Not a container "as such" then.

How hard is it to emulate linux system calls?

> How hard is it to emulate linux system calls?

It’s doable but a lot more effort. Microsoft did it with WSL1 and abandoned it with WSL2.

  • Note that they didn't "do it" for WSL1, they started doing it, realized it is far too much work to cover eveything, and abandoned the approach in favor of VMs. It's not like WSL1 was a fully functioning Linux emulator on top of Windows, it was still very far from it, even though it could do many common tasks.

    • I've always wondered why only Linux can do 'true' containers without VMs. Is there a good blog post or something I can read about the various technical hurdles?

      18 replies →

> How hard is it to emulate linux system calls?

FreeBSD has linuxulator and illumos comes with lx-zones that allow running some native linux binaries inside a "container". No idea why Apple didn't go for similar option.

  • FreeBSD Linux emulation is being developed for 20 (may be even 30) years. While Apple can throw some $$$ to get it implemented in a couple years using virtualisation requires much less development time (so it’s cheaper).

  • Apple's already got the Virtualization framework and hypervisor already (https://developer.apple.com/documentation/virtualization), so adding the rest of the container ecosystem seems like a natural next step.
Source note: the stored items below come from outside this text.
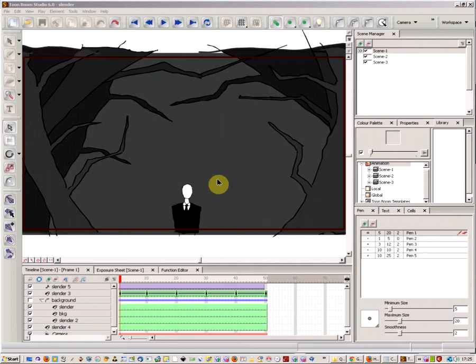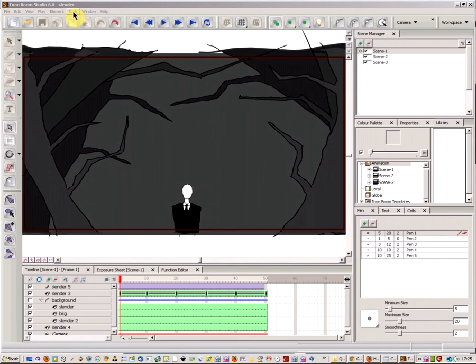Okay, welcome to another Toon Boom tutorial. This is just to show you how to duplicate a scene in Toon Boom.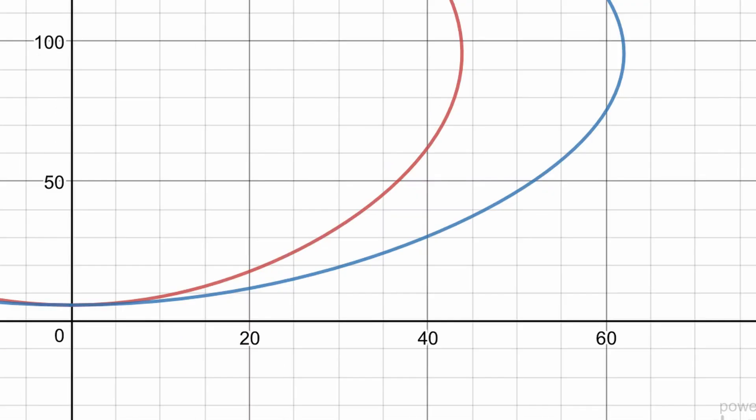The next graph shows how speed increases with slope angle for skiers of mass 60kg and 120kg, again showing that the heavier skier is always faster, no matter the slope angle.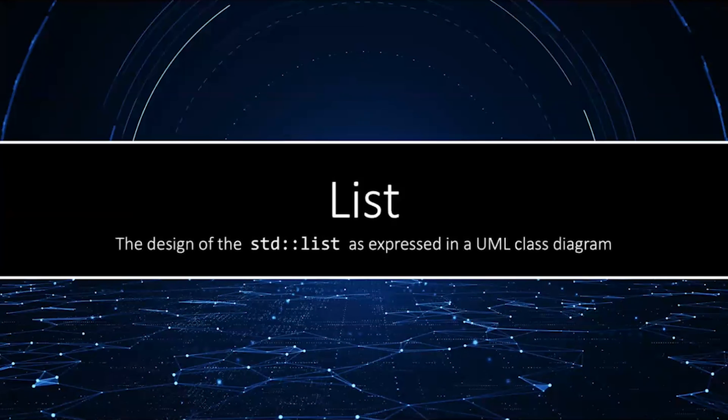Today's video will explain the UML class diagram for the list class. Hello, I'm James Helfrich.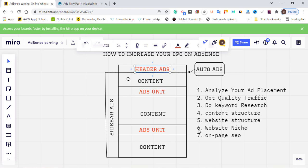The next improvement to increase your AdSense CPC is your website niche. This is the number one thing everyone needs to consider. Niches that give you a good CPC include finance, insurance, crypto, travel, tech, and business. These are the kinds of niches that can increase your CPC. When you start using AdSense or planning to make money with it, make sure you pick a niche that is going to pay you very well — don't just pick any niche.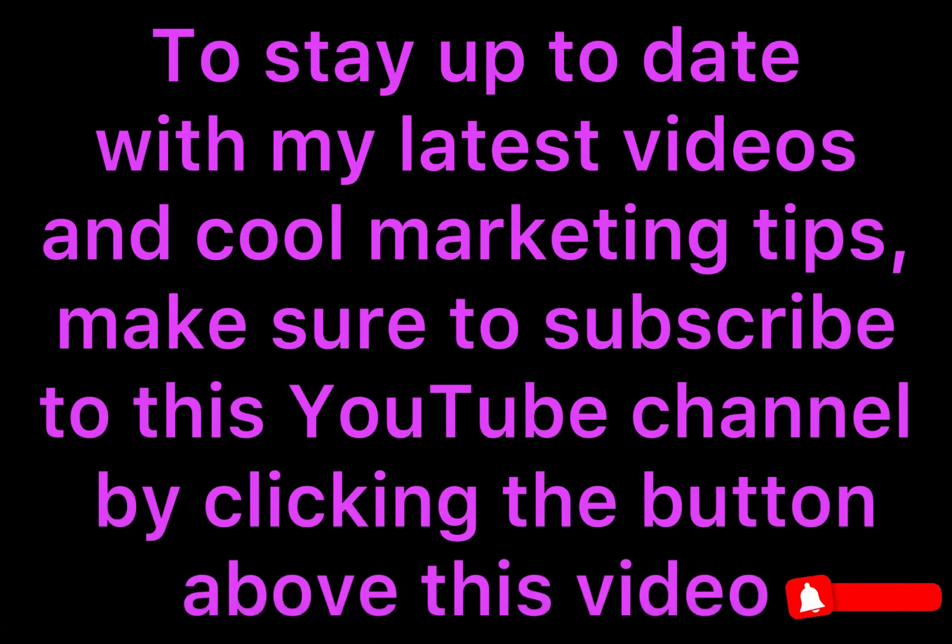If you like this video, make sure to like it and subscribe to this YouTube channel.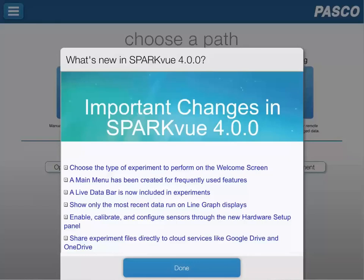Hi and welcome to SparkView 4.0. On the first launch of SparkView 4.0, you'll be presented with a welcome screen that presents many of the new features that are available within this new software package.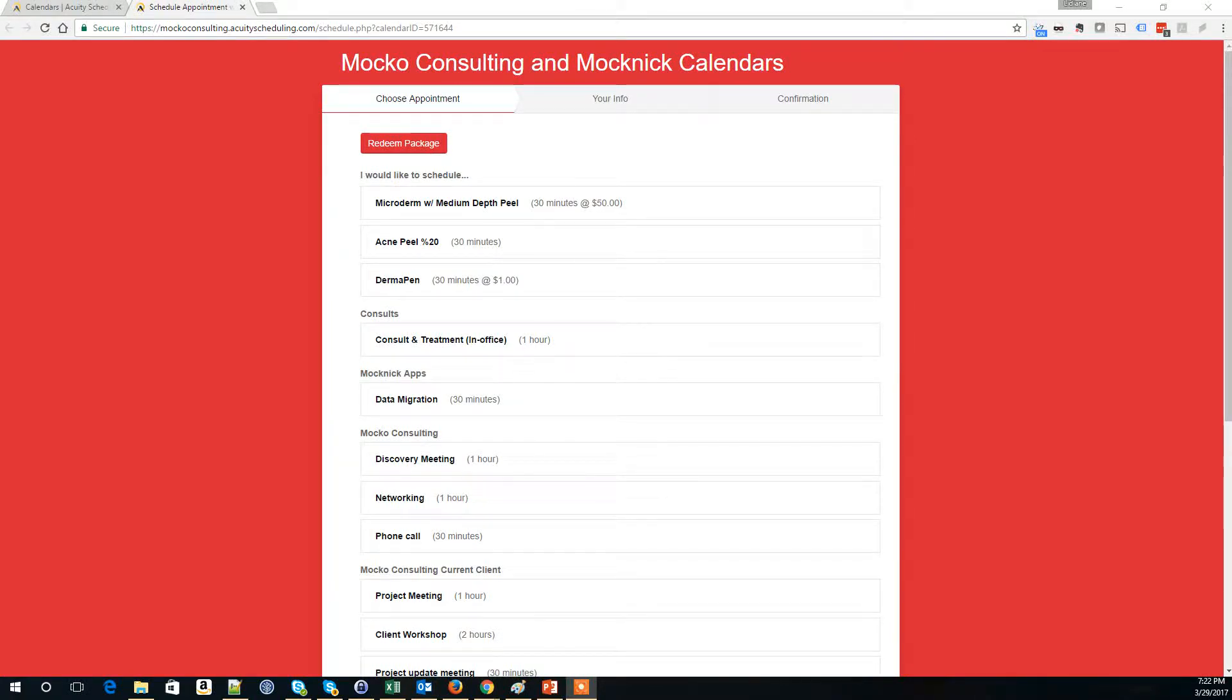Hi, this is Liziane Mocco with Mocnic Apps and I want to show you how to remove an appointment type from your scheduling page.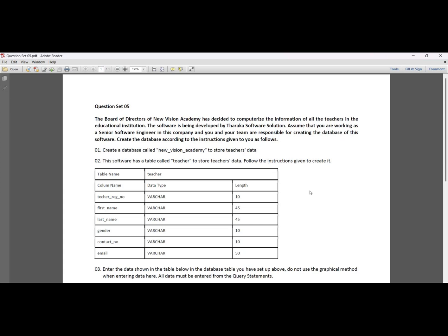New Vision Academy is an educational institute, and we need to store teacher information. Create the database according to the introduction given.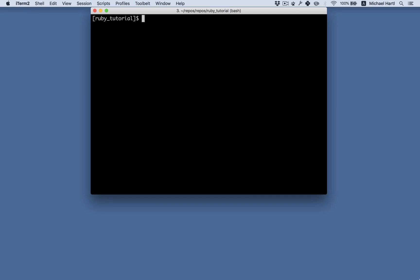The program we wrote in the last section is perfectly functional. Just to review, it's hello.rb, we called that with the Ruby command. But when writing command line programs, it's often more useful to make them executable.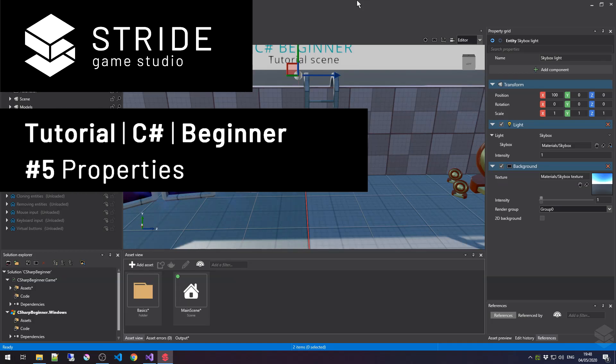Hi, and welcome back to the C-Sharp Beginner tutorial series for the Stride Game Engine. In this tutorial, we learn all about public properties.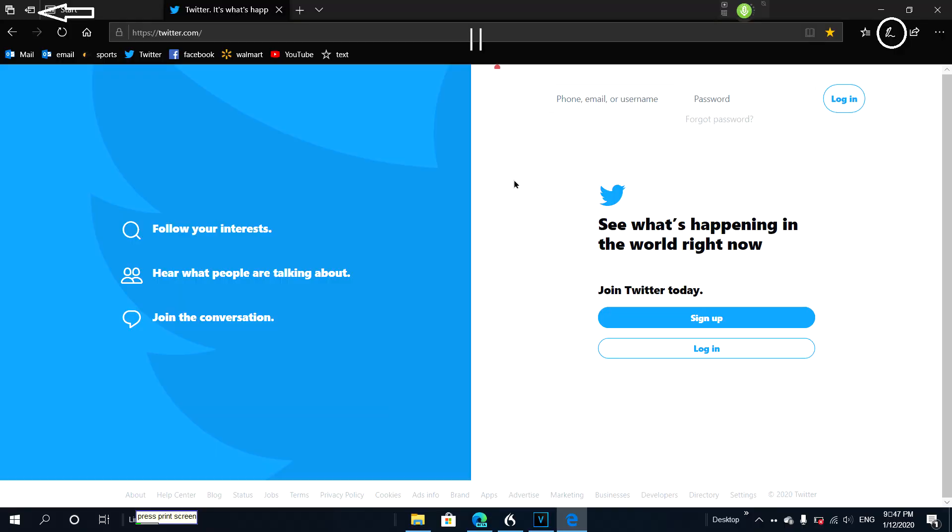Sure, we are going to lose some things the regular Microsoft Edge has like fluent design, a much smoother scrolling experience, and some other little tweaks.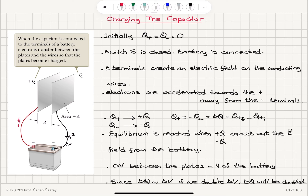In summary, we talked about how we charge a capacitor. We start with the uncharged situation. We connect the capacitor plates to a battery and close the switch. When the switch is closed, the mobile electrons from one side move towards the positive terminal, and the mobile electrons move from the negative terminal towards the other plate. We have plus Q and minus Q developing on the two plates until the potential difference between the plates equals the potential difference between the terminals of the battery.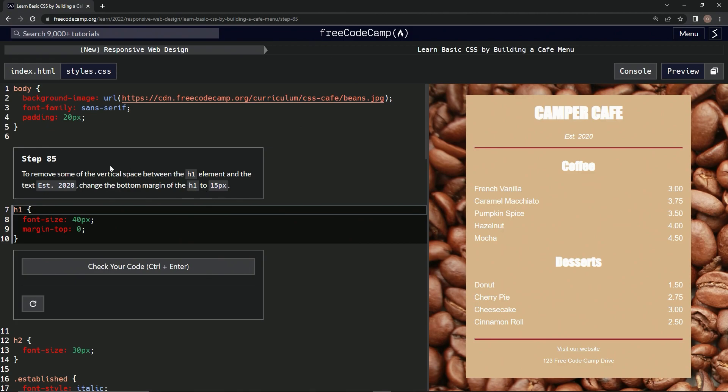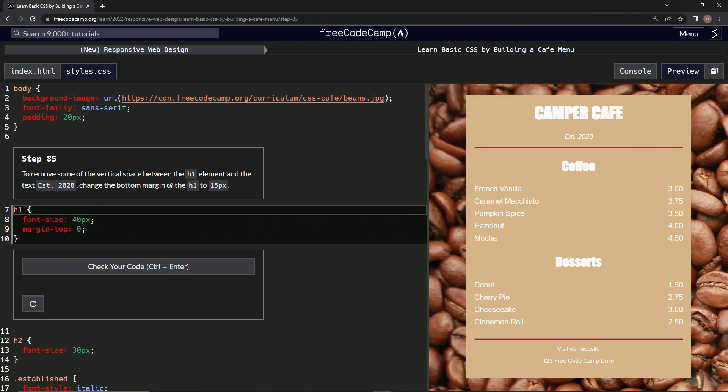So remove some of the vertical space between this H1 element. We're going to change the bottom margin.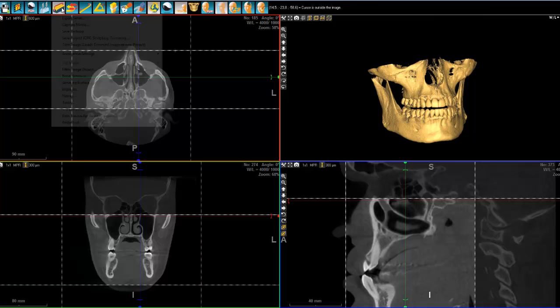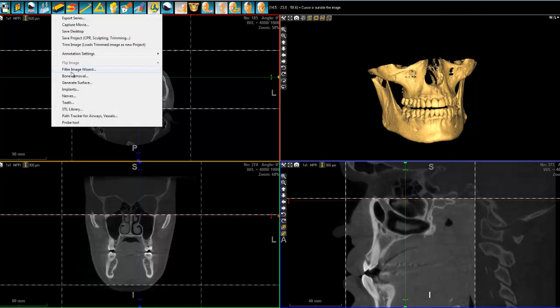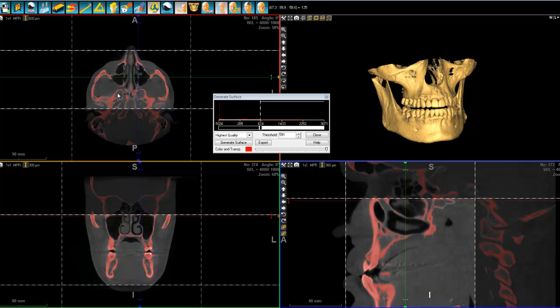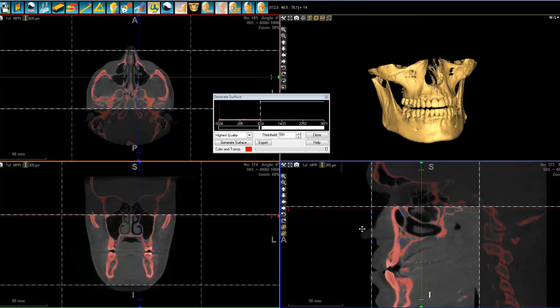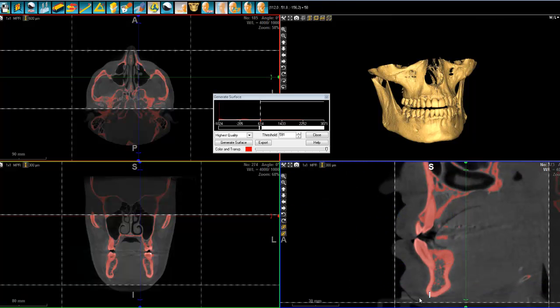Then you simply come here to Tools and select Generate Surface. Here, everything shown in red is the surface that is going to be taken into account to generate your surface — everything in red will be generated as a surface.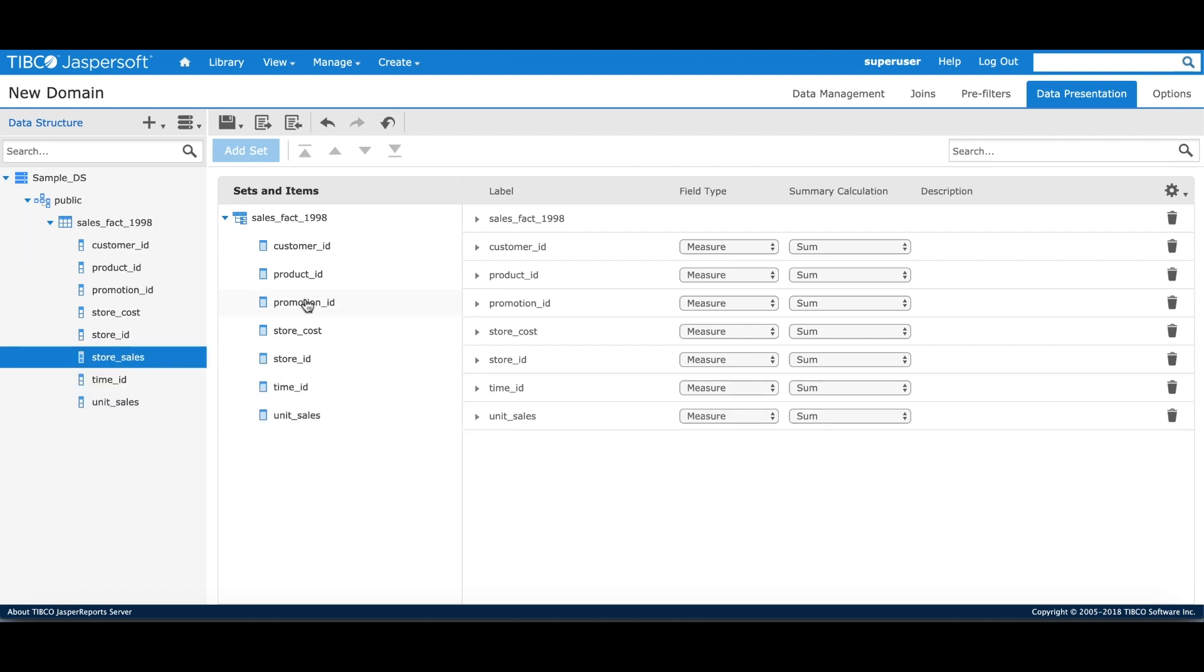A domain also lets you add properties to each field that adds value to the user. The domain designer UI shows the default properties like label, field type, summary calculation and description. You can always use the additional properties by clicking on the expand button.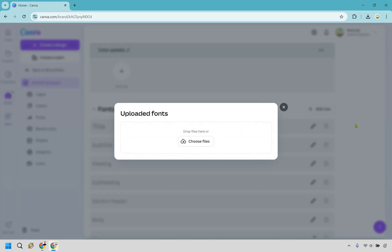You just have to drag and drop your files here. I don't have a font at this time, but if you do, simply click on choose files, get it from your desktop, and then you can use that when you create a design in Canva.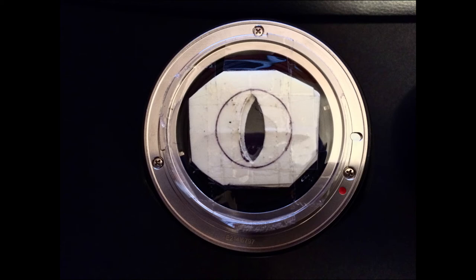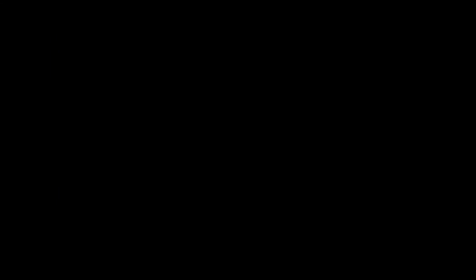This is my ghetto little anamorphic adapter. I created it for Abigail, my short film that I'm still talking about. Now why did I have to make my own?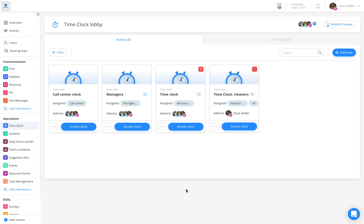Welcome to the Edit Assignments tutorial. If you wish to change the assignees to your time clock, simply enter the time clock category located to the left of your sidebar. Once here, go to the relevant time clock. Click on the three gray dots located on the bottom left of the time clock.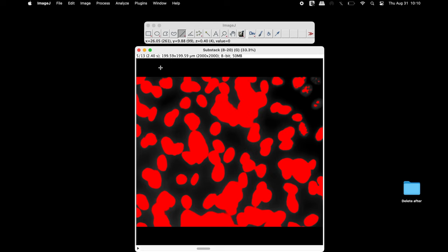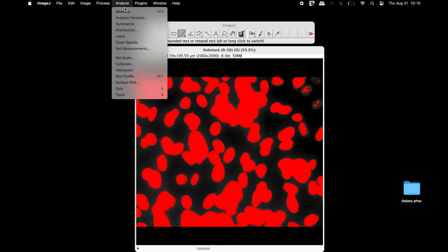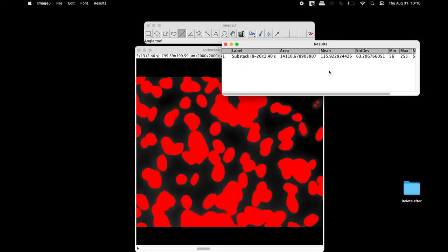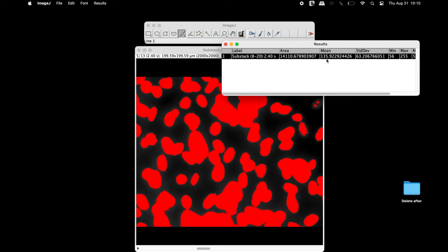To measure the area and mean intensity of only one slice, click Analyze and Measure. The area and mean intensity is displayed in the results window.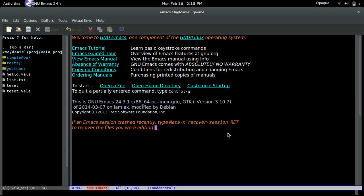Hello, my name is Daniel and I'm going to show how to do a simple GUI, a simple window, in Vala — or however it's pronounced.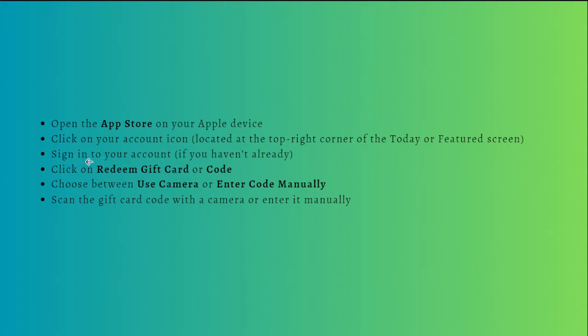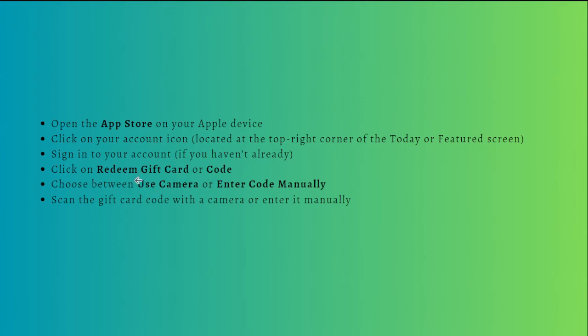And then you can sign in to your account if you haven't already, and then just simply click onto Redeem Gift Card or Code that you're using. And then choose between using the camera or you can even enter the code manually, whatever you want.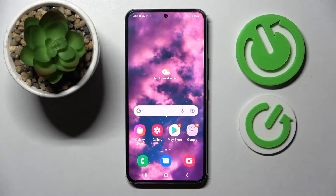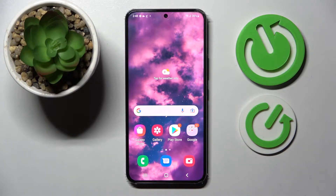Hi! In front of me is the Samsung Galaxy S22 and today I would like to show you how you can open apps in pop-up view on this device.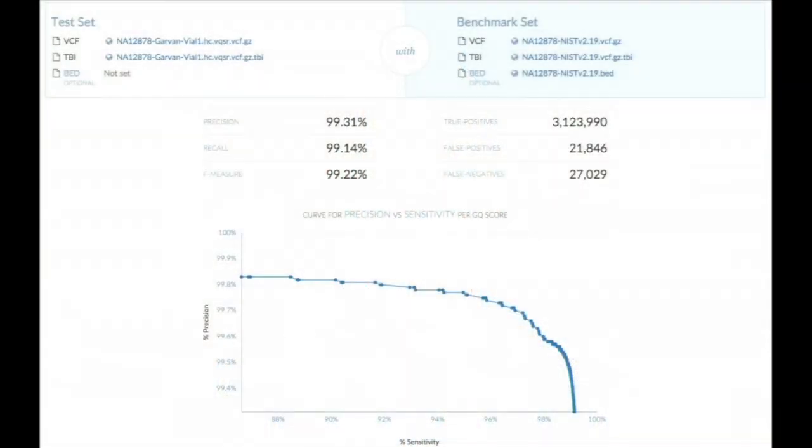In particular, you'll see that the comparison framework on PrecisionFDA gives you information such as the number of true positives, false positives, and false negatives, as well as statistics such as precision, recall, and F-measure. But comparisons aren't the only things one can do on PrecisionFDA.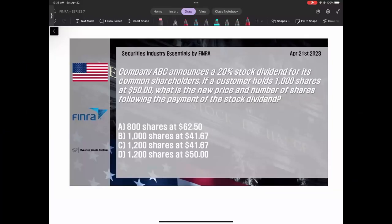오늘의 문제 한번 보죠. Company ABC가 발표했는데 20% stock dividend을 주는데요. Stock dividend이라는 건 dividend을 돈으로 주는 게 아니라 그냥 stock으로 주겠다는 거죠.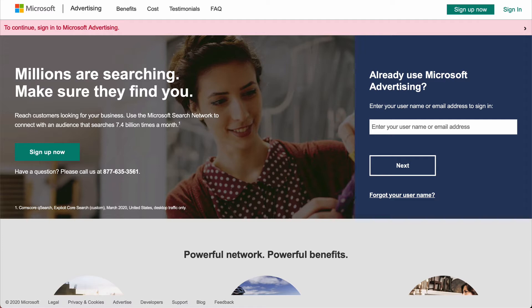This session will cover both sides of linking: first from the direct manager account side who will be requesting access to the other account, and then from that other account accepting the request. So let's get started. Head over to Microsoft Advertising and sign in to the direct manager account.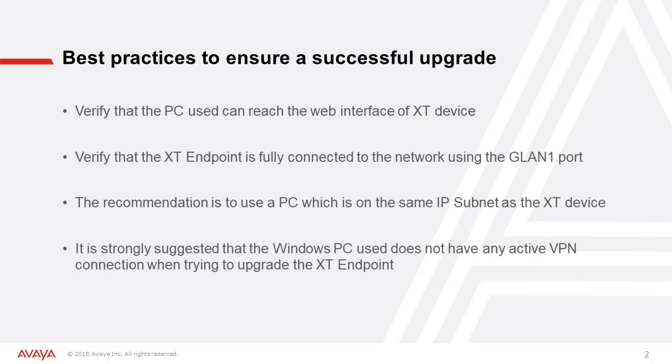Verify that the PC can reach the web interface of the XT device. Also the endpoint should be fully connected to the network using the GLAN-1 port. It is recommended to use the PC which is on the same IP subnet as the XT device.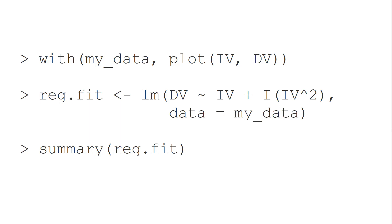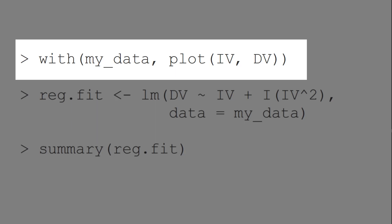In the next 60 seconds, I will show you how to run a polynomial regression in R. First, let's look at the data.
    It puts them on par with Windows that has container support with a free option, plus I imagine it's a good way to pressure test swift as a language to make sure it really can be the systems programming language they are betting that it can and will be.

    OrbStack has a great UX and experience, so I imagine this will eat into Docker Desktop on Mac more than OrbStack.

  • Because that‘s a huge investment for something they have no reason or desire to productivize.

syscalls are just a fraction of the surface area. There are many files in many different vfs you need to implement, things like selinux and ebpf, iouring, etc. It's also a constantly shifting target. The VM API is much simpler, relatively stable, and already implemented.

Emulating Linux only makes sense on devices with constrained resources.